= Axiomatic quantum field theory =

Topic in mathematical physics

Axiomatic quantum field theory is a mathematical discipline which aims to describe quantum field theory in terms of rigorous axioms. It is strongly associated with functional analysis and operator algebras, but has also been studied in recent years from a more geometric and functorial perspective.

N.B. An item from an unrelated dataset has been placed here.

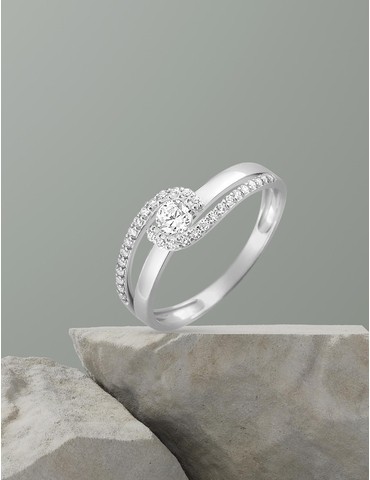 Bague solitaire accompagné...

There are two main challenges in this discipline. First, one must propose a set of axioms which describe the general properties of any mathematical object that deserves to be called a "quantum field theory". Then, one gives rigorous mathematical constructions of examples satisfying these axioms.

==Analytic approaches==

===Wightman axioms===
The first set of axioms for quantum field theories, known as the Wightman axioms, were proposed by Arthur Wightman in the early 1950s. These axioms attempt to describe QFTs on flat Minkowski spacetime by regarding quantum fields as operator-valued distributions acting on a Hilbert space. In practice, one often uses the Wightman reconstruction theorem, which guarantees that the operator-valued distributions and the Hilbert space can be recovered from the collection of correlation functions.

===Osterwalder–Schrader axioms===

The correlation functions of a QFT satisfying the Wightman axioms often can be analytically continued from Lorentz signature to Euclidean signature. (Crudely, one replaces the time variable $\;t\;$ with imaginary time $\;\tau = -\sqrt{-1\,}\,t~;$ the factors of $\;\sqrt{-1\,}\;$ change the sign of the time-time components of the metric tensor.) The resulting functions are called Schwinger functions. For the Schwinger functions there is a list of conditions — analyticity, permutation symmetry, Euclidean covariance, and reflection positivity — which a set of functions defined on various powers of Euclidean space-time must satisfy in order to be the analytic continuation of the set of correlation functions of a QFT satisfying the Wightman axioms.

===Haag–Kastler axioms===
The Haag–Kastler axioms axiomatize QFT in terms of nets of algebras.

===Euclidean CFT axioms===
These axioms (see e.g.) are used in the conformal bootstrap approach to conformal field theory in $\mathbb{R}^d$. They are also referred to as Euclidean bootstrap axioms.